Book Title: War in European History
Author (Top-3 notes on author): Michael Howard
1. Professor of military history at Kings College, London, and author of 20+ books
2. Numerous literary awards
3. Chairman on the board of several ivy league schools in US and UK
Big Picture (Skim bullets):
1. Discusses how warfare has shaped and influenced European political and societal development
2. Conversely, book points out that warfare has been influenced by societal factors such as politics, religion, technology, and economics.
3. Book presents a circular argument that the study of military history is intertwined with the study of cultural history; studying one leads to the study of the other
The study of warfare, in isolation to the study of the society that fought it, is useful for the purpose of drawing lessons learned, etc, about conducting warfare. It’s the wrong perspective, however, if attempting to understand why the war was fought, what were the factors that led to it, what was the definition of victory, etc. Warfare must be studied in the context of the society that fought it in order to understand it completely. Similarly, societies can’t be truly understood unless you study the history of the wars that helped shape the society.
Howard believes the two entities are intertwined: society influences and shapes the conduct of war, and warfare influences and shapes society. The book’s argument follows a chronologic order of themes that characterize the major influence of each phase of European development.
1. First major shift is between the mercenary armies and the professional armies.
2. French revolution was a significant influence on development of staff functions and the sustainment of standing professional armies. Even given the resource limitations of the French society.

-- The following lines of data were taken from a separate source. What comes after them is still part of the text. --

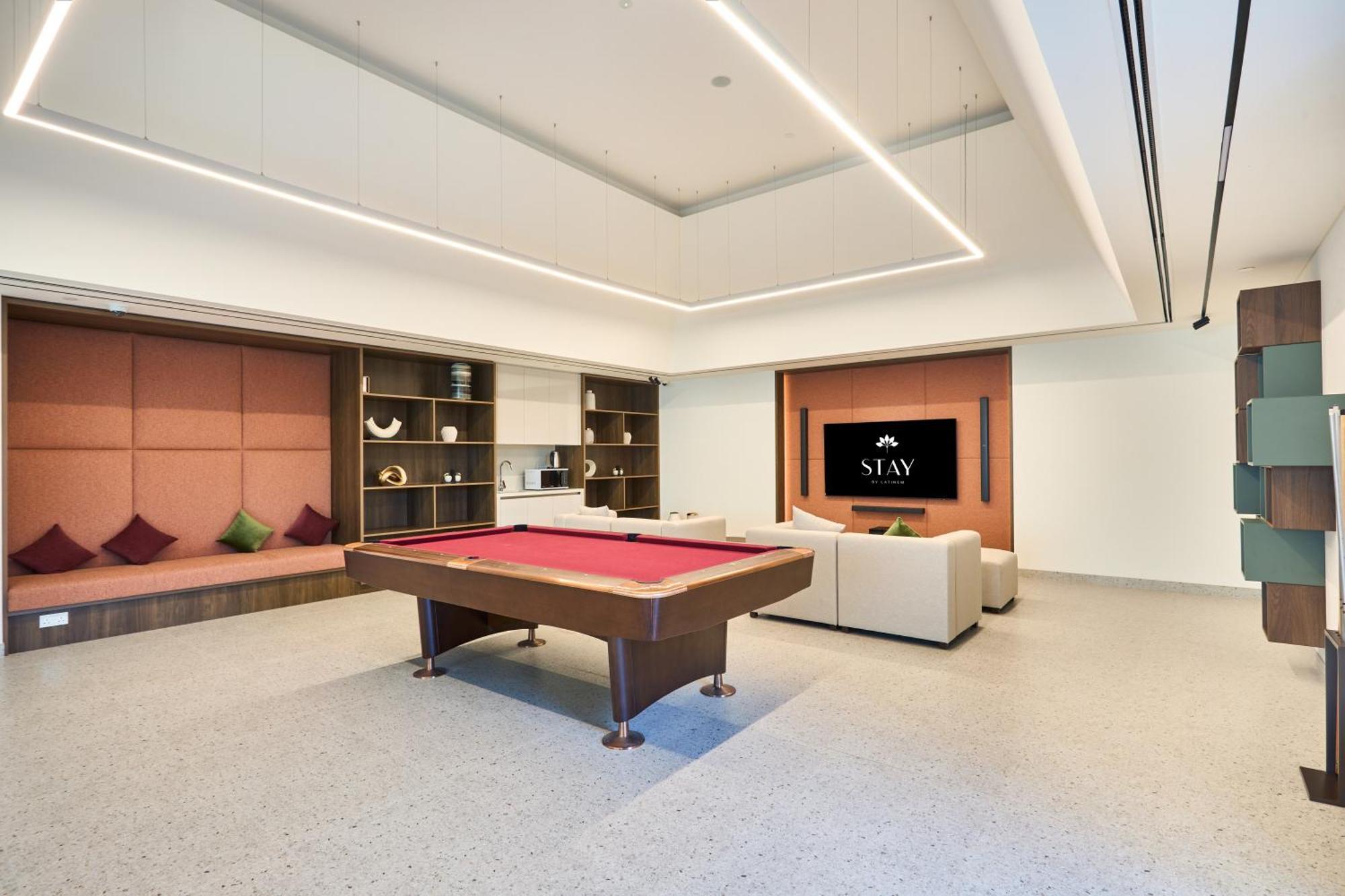 Apartment By Latinem Luxury 1br Cvg 1410 Near Burj Khalifa Dubai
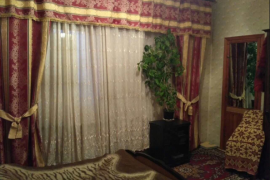 Купить квартиру в Севастополе. Продается трехкомнатная квартира на ул. Астана Кесаева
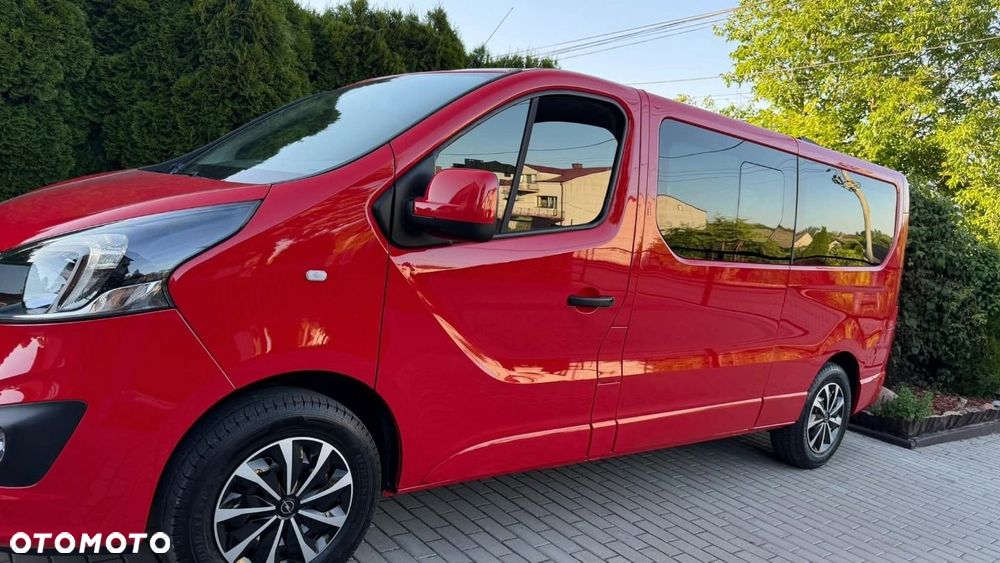 Opel Vivaro L2H1 2,9t Elegance Premium - 23
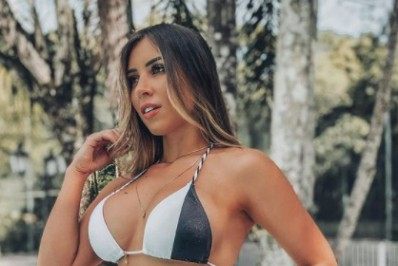 Fotos! Musa fitness encanta pela beleza e faz sucesso na Web
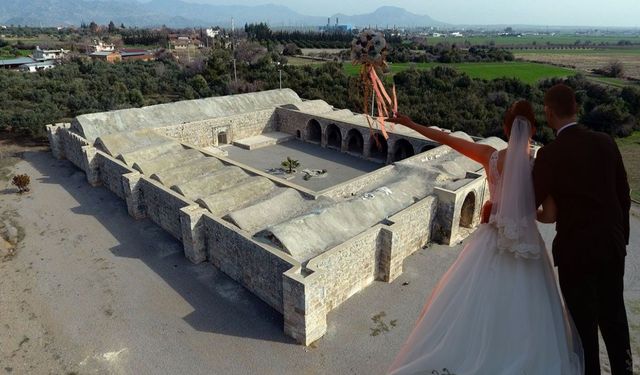 Antalya’da 800 yıllık tarihi Kırkgöz Han düğün salonu oldu!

3. One major societal impact on the development of the military is the ability for governments to draw upon the resources of a large scale economy and manpower pool. This factor changed the scene from small professional armies to wars of nations.
4. Next major shift was between professional armies still doing the bidding of a monarchy/dictator and an entire nation bringing every element of society into the fight.
5. The split between wars of nations and wars of technologists is slight, almost unperceivable except in the intensity and scope of the actual fighting.